In fertile areas, the mockernut hickory (Carya alba) may attain 100 feet, but most grow to between 50 and 70 feet. Mockernut hickory is common in Virginia, growing where the ground drains reasonably well. Mockernut hickory has aromatic foliage of a compound nature, as do most hickories. The nut of this Virginia species is extremely dense, making access to the kernel it contains very difficult, giving the tree its name. Mockernut hickory trees are hard to find in commercial nurseries, according to the Lady Bird Johnson Wildflower Center. The tree is also hard to transplant, since when young a long taproot emerges. If mockernut hickories exist near where your new home is will be built, consider saving the tree for your landscape. The bark's deep furrows and dark gray color make it appealing.
Bitternut hickory (Carya cordiformis) works as a shade tree or as an ornamental specimen tree in Virginia, where it is common. Bitternut hickory grows to 80 feet, has from five to nine leaflets comprising its compound leaves and the tree changes to yellow in autumn. Bitternut hickory grows in partly shady sites and in full sunshine. Damp areas are the best spot to plant this species. Bitternut hickory's nuts are too bitter for people to consume, but squirrels and other wildlife will do so. Bitternut hickory has an easily identifiable feature – its deep yellow winter leaf buds. Bitternut hickory has gray bark with shallow ridges when older. One benefit of this tree is that its decomposing leaves have high calcium content, making the soil richer as they rot beneath the tree.

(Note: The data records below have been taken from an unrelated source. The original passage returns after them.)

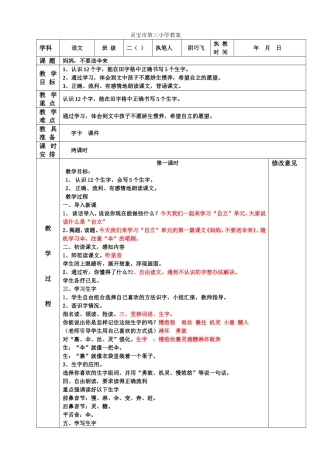 妈妈，不要送伞来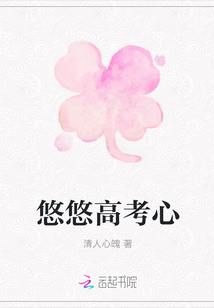 悠悠高考心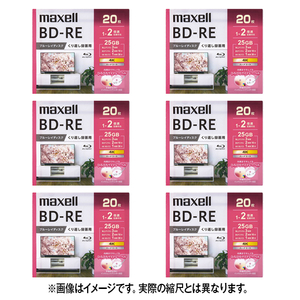 マクセル 録画用25GB(1層) 1-2倍速 ブルーレイディスク 20枚入り ホワイト 6個セット BEV25WPG20SP6-イメージ1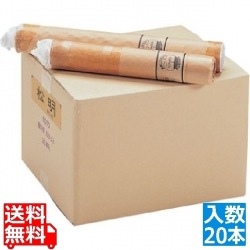 かがり火 松明専用 ろうそく(20本入)SL-001 4.5時間 写真1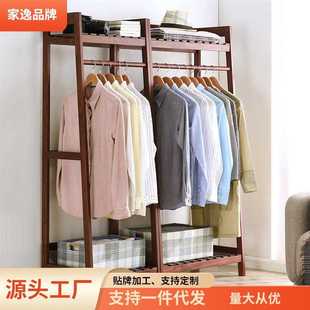 实木衣帽架挂衣架落地衣架卧室家用简易置物架 家逸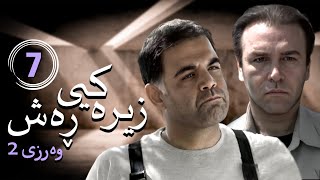 زنجیره زیرەکیی ڕەش  وەرزی 2  ئەڵقەی 7  Hooshe Siah 2 Kurdi  AlqaY 7 [upl. by Nomma776]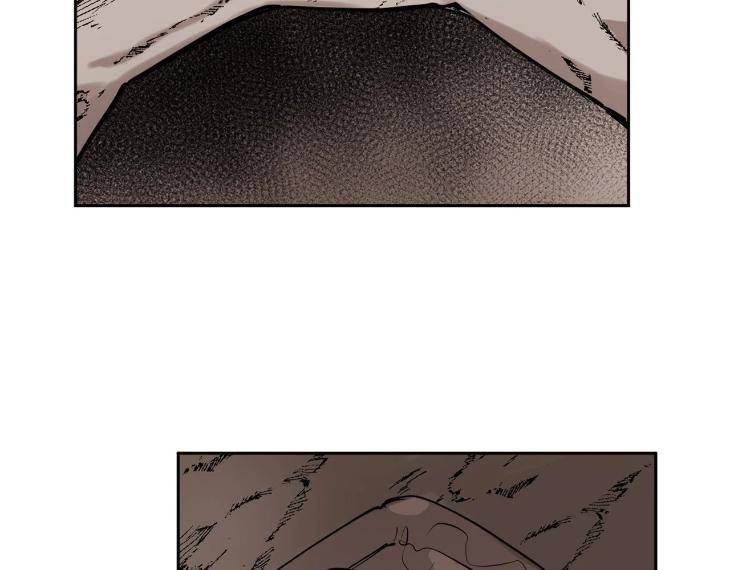 In-Cold-Love-By-10Min-Uncensored-Eng page 58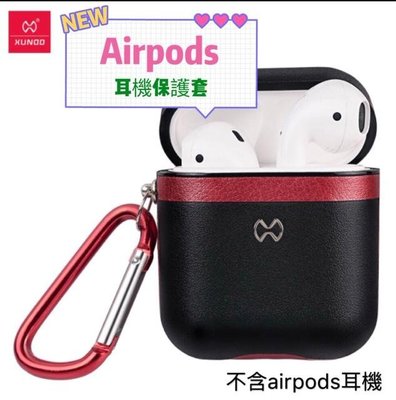 Airpods耳機保護套 訊迪XUNDD 巴克耳機保護套 airpods耳機收納盒【WinWinShop】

In the wooded suburbs of its range, which includes all of Virginia, the pignut hickory (Carya glabra) is an "important shade tree," according to the National Forest Service. Pignut hickory is not usually an ornamental nut tree, because other trees have features that are more attractive. However, as a source of food for wildlife, the pignut hickory is vital and it is a tree worth saving on your land. In Virginia, species such as the black bear, red fox, chipmunk and wild turkey depend upon the nuts for food. Pignut hickory grows to 75 feet on average in areas featuring dry soil, although it will develop in moist uplands on occasion. Pignut hickory has compound leaves with five, sometimes seven, leaflets. The young trees have a smoother bark than mature specimens, with the older pignut hickories having ridged, scaly bark. Hogs dined greedily on these nuts in colonial times, which gave the tree its odd name, notes the Virginia Department of Forestry.